La civilisation est au mieux un mythe, au pire une prétention. Lors de la Grande Guerre, quatre-vingt-treize célébrités allemandes avaient publié un « Appel au monde civilisé » pour blanchir l’Allemagne de Guillaume II des atrocités de ses armées en Belgique et en France. « Sans notre militarisme, notre civilisation aurait été anéantie depuis longtemps », pouvait-on lire dans cette pétition. Le paradoxe évoqué n’a eu d’autre effet que d’ajouter une débâcle intellectuelle à la débâcle morale de l’empire.
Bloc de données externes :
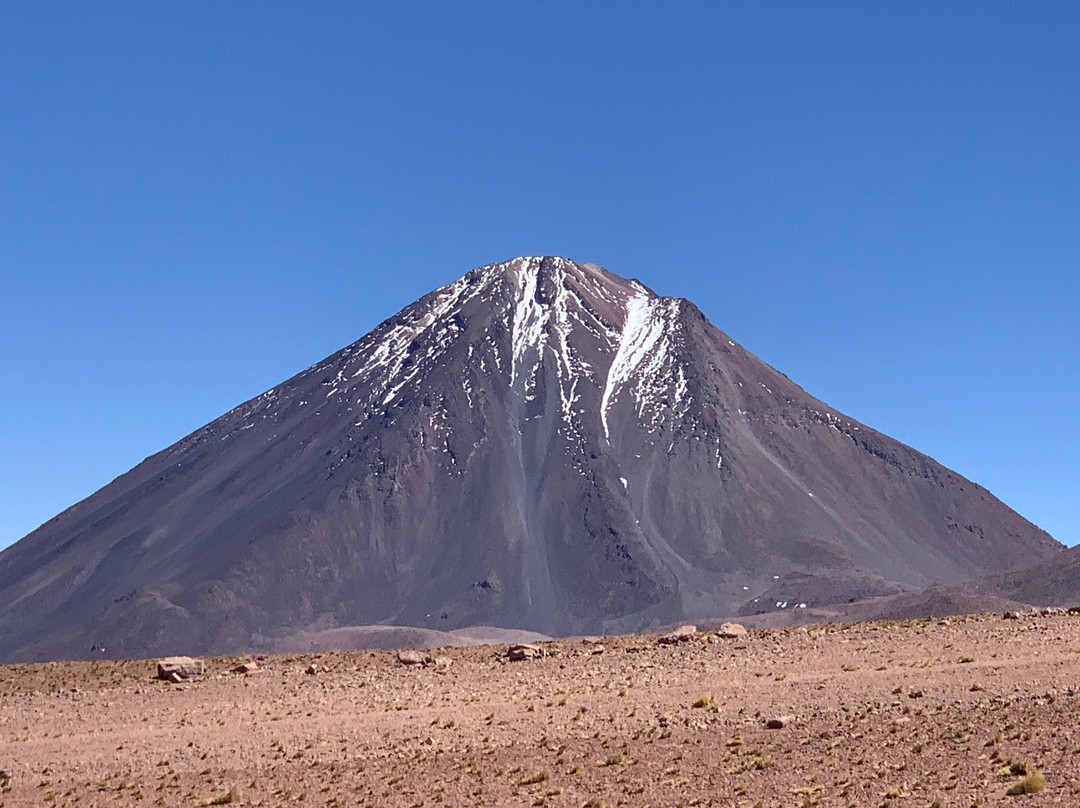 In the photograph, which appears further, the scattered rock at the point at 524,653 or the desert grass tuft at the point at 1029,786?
the scattered rock at the point at 524,653

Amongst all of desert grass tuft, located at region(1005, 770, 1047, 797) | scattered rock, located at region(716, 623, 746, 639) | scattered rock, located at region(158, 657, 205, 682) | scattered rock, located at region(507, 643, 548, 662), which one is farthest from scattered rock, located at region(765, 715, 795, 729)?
scattered rock, located at region(158, 657, 205, 682)

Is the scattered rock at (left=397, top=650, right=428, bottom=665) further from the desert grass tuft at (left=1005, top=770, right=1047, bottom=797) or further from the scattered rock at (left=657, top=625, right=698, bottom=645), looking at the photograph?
the desert grass tuft at (left=1005, top=770, right=1047, bottom=797)

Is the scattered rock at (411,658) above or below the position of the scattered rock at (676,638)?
above

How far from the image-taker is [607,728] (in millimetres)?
24078

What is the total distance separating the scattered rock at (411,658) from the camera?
109ft

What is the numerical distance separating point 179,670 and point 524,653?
886cm

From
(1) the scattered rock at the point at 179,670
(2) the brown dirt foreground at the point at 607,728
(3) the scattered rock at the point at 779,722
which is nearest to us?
(2) the brown dirt foreground at the point at 607,728

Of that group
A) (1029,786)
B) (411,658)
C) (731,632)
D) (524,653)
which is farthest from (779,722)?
(411,658)

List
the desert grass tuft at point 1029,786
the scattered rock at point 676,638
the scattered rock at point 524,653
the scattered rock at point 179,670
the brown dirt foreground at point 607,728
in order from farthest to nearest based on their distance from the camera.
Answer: the scattered rock at point 676,638
the scattered rock at point 179,670
the scattered rock at point 524,653
the brown dirt foreground at point 607,728
the desert grass tuft at point 1029,786

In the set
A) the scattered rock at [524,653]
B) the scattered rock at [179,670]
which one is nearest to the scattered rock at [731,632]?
the scattered rock at [524,653]

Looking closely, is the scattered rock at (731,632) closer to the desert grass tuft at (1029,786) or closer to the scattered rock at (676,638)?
the scattered rock at (676,638)

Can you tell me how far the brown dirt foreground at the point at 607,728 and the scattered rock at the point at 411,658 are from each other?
0.51 m

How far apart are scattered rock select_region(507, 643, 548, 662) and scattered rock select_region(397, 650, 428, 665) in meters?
2.23

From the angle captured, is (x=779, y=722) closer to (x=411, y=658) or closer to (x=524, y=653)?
(x=524, y=653) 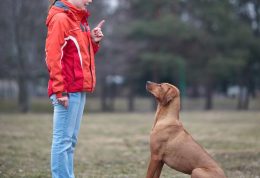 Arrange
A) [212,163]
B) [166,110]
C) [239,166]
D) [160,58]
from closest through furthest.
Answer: [212,163]
[166,110]
[239,166]
[160,58]

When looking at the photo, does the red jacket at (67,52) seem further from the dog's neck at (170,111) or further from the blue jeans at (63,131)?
the dog's neck at (170,111)

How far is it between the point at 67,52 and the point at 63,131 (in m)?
0.78

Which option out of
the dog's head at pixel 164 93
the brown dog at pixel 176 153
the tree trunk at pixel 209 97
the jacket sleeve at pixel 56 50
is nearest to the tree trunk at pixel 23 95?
the tree trunk at pixel 209 97

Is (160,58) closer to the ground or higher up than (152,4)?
closer to the ground

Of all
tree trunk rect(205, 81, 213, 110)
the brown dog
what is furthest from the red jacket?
tree trunk rect(205, 81, 213, 110)

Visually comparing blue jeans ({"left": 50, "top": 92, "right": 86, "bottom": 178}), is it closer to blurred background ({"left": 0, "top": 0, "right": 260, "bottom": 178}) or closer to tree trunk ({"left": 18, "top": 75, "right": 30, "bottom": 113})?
blurred background ({"left": 0, "top": 0, "right": 260, "bottom": 178})

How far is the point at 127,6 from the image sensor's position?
1496 inches

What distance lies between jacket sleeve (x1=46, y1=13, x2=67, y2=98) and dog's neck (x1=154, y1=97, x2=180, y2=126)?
4.94 ft

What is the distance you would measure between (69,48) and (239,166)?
4.86 meters

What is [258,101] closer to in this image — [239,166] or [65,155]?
[239,166]

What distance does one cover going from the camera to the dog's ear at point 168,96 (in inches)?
252

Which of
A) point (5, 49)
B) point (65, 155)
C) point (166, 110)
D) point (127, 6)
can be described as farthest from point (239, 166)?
point (127, 6)

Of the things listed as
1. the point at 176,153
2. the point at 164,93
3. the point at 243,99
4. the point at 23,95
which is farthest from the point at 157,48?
the point at 176,153

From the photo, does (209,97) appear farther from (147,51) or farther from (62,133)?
(62,133) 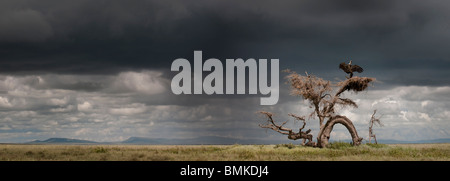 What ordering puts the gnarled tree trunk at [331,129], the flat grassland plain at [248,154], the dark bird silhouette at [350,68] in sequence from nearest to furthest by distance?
the flat grassland plain at [248,154] → the gnarled tree trunk at [331,129] → the dark bird silhouette at [350,68]

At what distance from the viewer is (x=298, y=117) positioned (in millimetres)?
53812

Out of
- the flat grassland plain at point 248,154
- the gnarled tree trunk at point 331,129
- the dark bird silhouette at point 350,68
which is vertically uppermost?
the dark bird silhouette at point 350,68

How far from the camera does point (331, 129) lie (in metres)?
54.1

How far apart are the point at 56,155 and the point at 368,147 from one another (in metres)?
35.2

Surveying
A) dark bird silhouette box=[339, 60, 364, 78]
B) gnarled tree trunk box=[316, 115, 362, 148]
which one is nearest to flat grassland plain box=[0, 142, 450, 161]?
gnarled tree trunk box=[316, 115, 362, 148]

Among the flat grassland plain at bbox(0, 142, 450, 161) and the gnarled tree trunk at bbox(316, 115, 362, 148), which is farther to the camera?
the gnarled tree trunk at bbox(316, 115, 362, 148)

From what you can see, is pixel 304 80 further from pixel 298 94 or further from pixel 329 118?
pixel 329 118

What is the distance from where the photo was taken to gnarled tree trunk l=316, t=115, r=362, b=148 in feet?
176

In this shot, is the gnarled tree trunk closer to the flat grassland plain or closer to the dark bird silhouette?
the flat grassland plain

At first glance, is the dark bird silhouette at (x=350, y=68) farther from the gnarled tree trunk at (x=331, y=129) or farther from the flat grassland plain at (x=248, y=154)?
the flat grassland plain at (x=248, y=154)

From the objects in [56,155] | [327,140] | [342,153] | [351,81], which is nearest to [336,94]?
[351,81]

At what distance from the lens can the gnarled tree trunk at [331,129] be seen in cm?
5359

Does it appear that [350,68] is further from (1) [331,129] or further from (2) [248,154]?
(2) [248,154]

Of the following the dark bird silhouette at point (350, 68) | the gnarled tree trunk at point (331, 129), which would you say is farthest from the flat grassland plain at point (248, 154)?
the dark bird silhouette at point (350, 68) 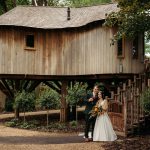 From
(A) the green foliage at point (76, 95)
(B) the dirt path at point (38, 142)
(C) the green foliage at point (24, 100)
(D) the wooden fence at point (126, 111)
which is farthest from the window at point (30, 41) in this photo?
(D) the wooden fence at point (126, 111)

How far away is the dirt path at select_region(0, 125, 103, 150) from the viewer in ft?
57.3

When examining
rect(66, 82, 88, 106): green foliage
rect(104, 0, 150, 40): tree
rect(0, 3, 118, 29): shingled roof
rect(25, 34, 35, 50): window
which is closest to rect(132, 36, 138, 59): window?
rect(0, 3, 118, 29): shingled roof

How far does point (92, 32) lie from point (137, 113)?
783cm

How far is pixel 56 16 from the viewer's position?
3041cm

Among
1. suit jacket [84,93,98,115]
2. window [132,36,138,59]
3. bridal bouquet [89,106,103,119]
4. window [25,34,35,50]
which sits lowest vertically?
bridal bouquet [89,106,103,119]

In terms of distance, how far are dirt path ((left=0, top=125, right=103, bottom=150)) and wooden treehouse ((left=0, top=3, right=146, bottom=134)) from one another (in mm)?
5151

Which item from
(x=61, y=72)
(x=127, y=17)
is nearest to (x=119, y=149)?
(x=127, y=17)

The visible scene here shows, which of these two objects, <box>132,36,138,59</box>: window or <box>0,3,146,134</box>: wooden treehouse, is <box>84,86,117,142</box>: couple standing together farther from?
<box>132,36,138,59</box>: window

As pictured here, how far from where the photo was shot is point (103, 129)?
19141mm

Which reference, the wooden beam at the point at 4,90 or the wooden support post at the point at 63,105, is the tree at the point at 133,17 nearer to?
the wooden support post at the point at 63,105

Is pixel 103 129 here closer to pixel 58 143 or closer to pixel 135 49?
pixel 58 143

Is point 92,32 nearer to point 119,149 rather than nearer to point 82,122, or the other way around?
point 82,122

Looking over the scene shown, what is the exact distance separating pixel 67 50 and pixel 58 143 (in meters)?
10.1

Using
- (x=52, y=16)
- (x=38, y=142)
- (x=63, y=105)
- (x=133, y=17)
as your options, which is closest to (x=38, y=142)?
(x=38, y=142) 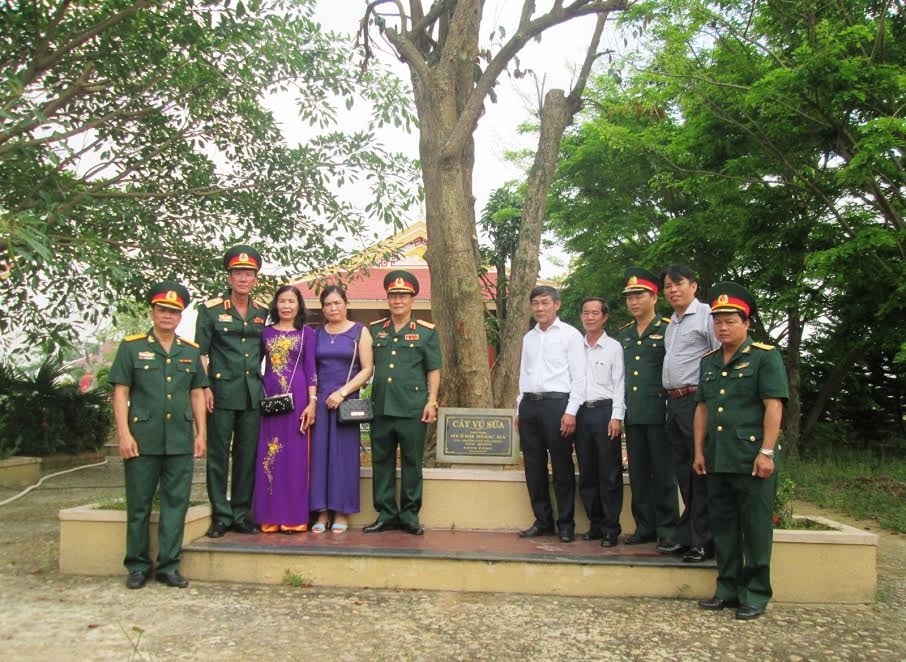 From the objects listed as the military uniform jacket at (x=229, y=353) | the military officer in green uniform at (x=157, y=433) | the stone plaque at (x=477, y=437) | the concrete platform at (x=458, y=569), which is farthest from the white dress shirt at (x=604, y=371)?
the military officer in green uniform at (x=157, y=433)

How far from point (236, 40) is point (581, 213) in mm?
8974

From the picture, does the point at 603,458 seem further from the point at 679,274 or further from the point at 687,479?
the point at 679,274

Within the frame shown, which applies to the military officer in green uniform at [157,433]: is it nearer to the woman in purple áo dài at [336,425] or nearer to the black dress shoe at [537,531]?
the woman in purple áo dài at [336,425]

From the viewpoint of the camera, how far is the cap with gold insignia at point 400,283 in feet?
17.6

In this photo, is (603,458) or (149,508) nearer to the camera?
(149,508)

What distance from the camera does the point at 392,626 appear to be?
3963 millimetres

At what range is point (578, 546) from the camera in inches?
196

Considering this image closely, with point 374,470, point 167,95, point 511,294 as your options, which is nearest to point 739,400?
point 374,470

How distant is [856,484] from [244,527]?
307 inches

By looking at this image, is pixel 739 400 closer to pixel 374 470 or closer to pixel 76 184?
pixel 374 470

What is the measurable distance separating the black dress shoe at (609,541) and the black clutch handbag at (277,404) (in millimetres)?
2220

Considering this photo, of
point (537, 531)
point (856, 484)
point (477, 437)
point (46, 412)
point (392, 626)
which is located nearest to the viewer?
point (392, 626)

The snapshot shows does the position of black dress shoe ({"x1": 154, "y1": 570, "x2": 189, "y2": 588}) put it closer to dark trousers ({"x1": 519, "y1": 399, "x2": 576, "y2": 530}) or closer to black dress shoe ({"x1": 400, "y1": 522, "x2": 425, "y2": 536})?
black dress shoe ({"x1": 400, "y1": 522, "x2": 425, "y2": 536})

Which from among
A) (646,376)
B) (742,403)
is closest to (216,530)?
(646,376)
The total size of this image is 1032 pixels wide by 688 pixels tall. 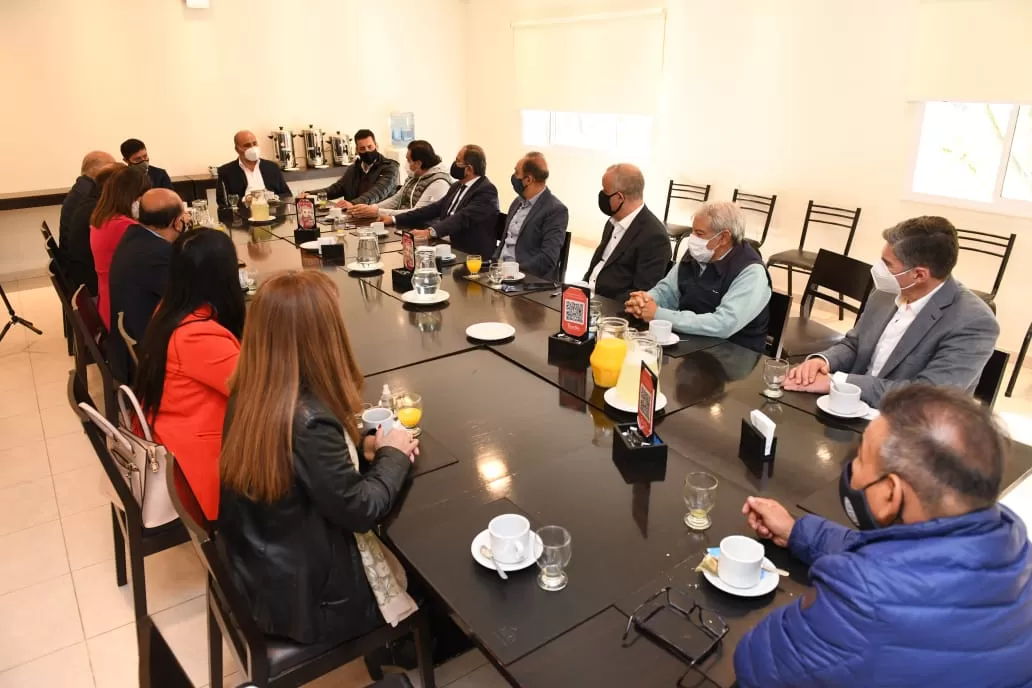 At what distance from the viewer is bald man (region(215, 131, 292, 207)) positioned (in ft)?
19.3

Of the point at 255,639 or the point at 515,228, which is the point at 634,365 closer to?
the point at 255,639

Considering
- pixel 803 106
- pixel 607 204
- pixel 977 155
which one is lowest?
pixel 607 204

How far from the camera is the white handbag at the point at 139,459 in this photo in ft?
6.11

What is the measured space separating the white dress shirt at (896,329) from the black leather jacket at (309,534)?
66.5 inches

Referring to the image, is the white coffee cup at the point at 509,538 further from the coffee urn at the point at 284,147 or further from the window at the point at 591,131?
the coffee urn at the point at 284,147

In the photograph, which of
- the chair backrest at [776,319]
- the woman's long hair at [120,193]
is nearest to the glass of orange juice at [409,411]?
the chair backrest at [776,319]

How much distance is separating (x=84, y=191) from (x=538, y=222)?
286 cm

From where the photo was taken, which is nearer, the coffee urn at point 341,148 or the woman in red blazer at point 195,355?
the woman in red blazer at point 195,355

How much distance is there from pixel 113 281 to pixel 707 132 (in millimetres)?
4840

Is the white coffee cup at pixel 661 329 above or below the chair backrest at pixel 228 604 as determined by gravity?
above

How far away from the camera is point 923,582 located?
3.35 feet

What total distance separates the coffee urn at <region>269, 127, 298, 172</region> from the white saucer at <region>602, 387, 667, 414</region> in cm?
589

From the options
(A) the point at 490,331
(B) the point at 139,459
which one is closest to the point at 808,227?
(A) the point at 490,331

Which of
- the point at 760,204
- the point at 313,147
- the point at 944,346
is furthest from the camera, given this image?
the point at 313,147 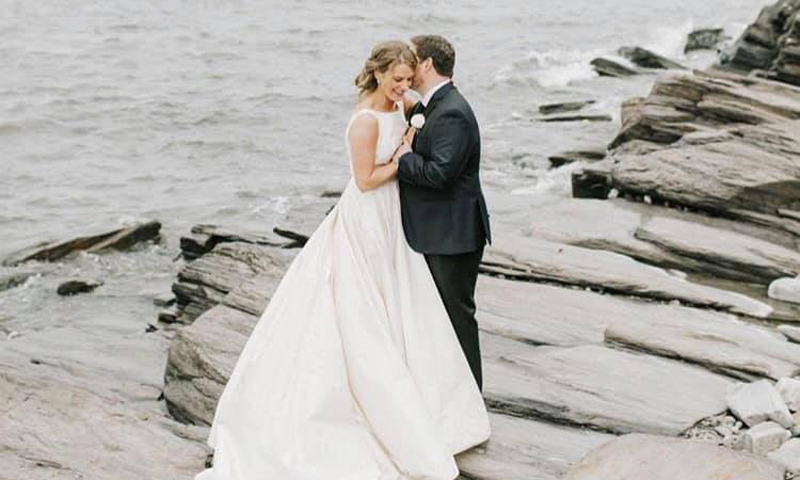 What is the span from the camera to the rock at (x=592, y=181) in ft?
49.8

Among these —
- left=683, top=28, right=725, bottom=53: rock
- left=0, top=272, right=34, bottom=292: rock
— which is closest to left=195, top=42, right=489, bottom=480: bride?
left=0, top=272, right=34, bottom=292: rock

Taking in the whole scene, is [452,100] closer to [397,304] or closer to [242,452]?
[397,304]

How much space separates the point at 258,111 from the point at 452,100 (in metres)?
21.0

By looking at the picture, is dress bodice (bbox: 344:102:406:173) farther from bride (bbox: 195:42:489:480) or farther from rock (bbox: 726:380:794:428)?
rock (bbox: 726:380:794:428)

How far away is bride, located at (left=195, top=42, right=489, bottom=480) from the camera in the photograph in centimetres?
680

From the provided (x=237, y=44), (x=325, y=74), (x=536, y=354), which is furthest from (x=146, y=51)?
(x=536, y=354)

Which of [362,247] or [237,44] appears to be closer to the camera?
[362,247]

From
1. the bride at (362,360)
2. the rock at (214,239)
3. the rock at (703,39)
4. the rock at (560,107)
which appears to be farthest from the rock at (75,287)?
the rock at (703,39)

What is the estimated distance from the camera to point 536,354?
9031 mm

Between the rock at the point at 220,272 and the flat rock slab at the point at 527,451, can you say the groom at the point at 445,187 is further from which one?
the rock at the point at 220,272

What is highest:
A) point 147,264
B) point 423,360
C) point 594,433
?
point 423,360

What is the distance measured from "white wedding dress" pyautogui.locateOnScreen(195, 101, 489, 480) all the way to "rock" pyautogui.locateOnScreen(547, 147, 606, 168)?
1341 centimetres

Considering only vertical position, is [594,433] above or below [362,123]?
below

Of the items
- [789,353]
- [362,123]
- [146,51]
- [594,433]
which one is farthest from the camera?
[146,51] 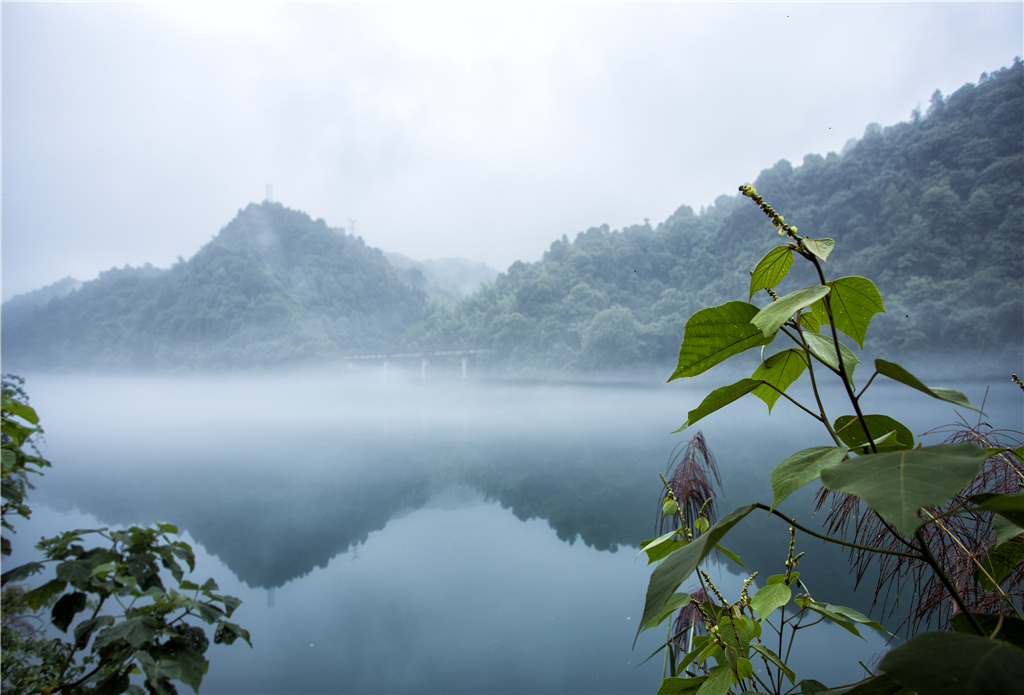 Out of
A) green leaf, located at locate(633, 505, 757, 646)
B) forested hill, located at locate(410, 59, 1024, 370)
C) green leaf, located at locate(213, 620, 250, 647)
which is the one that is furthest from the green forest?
green leaf, located at locate(633, 505, 757, 646)

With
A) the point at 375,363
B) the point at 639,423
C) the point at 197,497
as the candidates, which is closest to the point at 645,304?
the point at 639,423

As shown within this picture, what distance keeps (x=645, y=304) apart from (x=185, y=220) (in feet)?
26.8

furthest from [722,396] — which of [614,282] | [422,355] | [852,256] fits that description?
[422,355]

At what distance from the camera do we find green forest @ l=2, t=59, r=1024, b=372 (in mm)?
3436

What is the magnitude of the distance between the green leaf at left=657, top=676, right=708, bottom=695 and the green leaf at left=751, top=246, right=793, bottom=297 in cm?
34

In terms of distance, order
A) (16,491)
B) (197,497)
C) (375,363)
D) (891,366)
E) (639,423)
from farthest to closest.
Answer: (375,363)
(197,497)
(639,423)
(16,491)
(891,366)

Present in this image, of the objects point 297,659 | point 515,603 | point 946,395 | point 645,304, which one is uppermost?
point 645,304

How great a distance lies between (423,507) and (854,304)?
5152 mm

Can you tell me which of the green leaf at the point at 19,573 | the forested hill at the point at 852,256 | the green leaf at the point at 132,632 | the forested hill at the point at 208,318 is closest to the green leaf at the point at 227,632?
the green leaf at the point at 132,632

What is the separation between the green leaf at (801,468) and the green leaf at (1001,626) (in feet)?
0.32

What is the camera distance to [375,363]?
722 centimetres

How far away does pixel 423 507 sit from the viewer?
16.1 ft

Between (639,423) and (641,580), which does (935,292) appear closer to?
(639,423)

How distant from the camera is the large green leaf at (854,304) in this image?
30cm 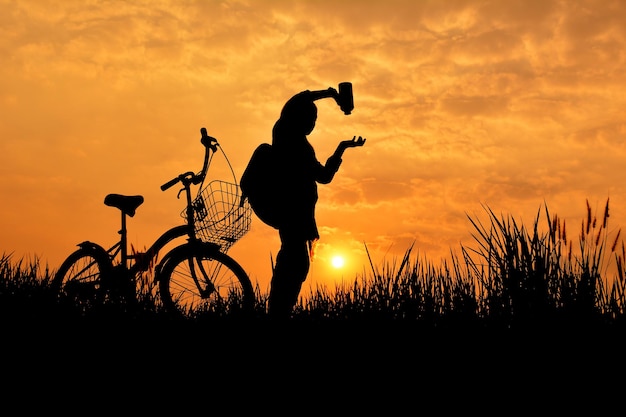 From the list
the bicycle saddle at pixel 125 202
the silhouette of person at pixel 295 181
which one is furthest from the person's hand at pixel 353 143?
the bicycle saddle at pixel 125 202

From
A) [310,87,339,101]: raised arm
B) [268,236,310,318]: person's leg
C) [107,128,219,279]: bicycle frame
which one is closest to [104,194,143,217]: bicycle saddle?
[107,128,219,279]: bicycle frame

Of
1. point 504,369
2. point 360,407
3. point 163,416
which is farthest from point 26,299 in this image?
point 504,369

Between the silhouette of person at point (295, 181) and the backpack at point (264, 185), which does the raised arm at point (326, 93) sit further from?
the backpack at point (264, 185)

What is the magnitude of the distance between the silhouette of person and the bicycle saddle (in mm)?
2737

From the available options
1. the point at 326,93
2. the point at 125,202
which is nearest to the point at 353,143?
the point at 326,93

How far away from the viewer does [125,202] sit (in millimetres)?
8195

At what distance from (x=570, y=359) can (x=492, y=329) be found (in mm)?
738

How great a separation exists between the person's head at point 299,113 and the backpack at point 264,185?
11.5 inches

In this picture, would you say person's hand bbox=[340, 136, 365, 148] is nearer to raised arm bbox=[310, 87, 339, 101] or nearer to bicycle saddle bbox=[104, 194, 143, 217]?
raised arm bbox=[310, 87, 339, 101]

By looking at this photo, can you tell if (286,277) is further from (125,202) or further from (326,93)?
(125,202)

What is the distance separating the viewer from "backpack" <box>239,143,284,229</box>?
6.10m

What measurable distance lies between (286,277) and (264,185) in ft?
2.73

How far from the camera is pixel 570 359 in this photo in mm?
4598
À cette époque, des illustrateurs émaillaient les journaux de dessins d’après les récits des personnes déplacées qui cherchaient refuge dans les villes et villages encore épargnés par les combats. Quelques traits de crayon montrant deux troufions en armes et un enfant désarticulé, avec pour légende « Il avait sept ans », suffisaient à restituer toute l’horreur de l’avancée des troupes, brûlant, volant, violant, saccageant, écrasant tout sur leur chemin.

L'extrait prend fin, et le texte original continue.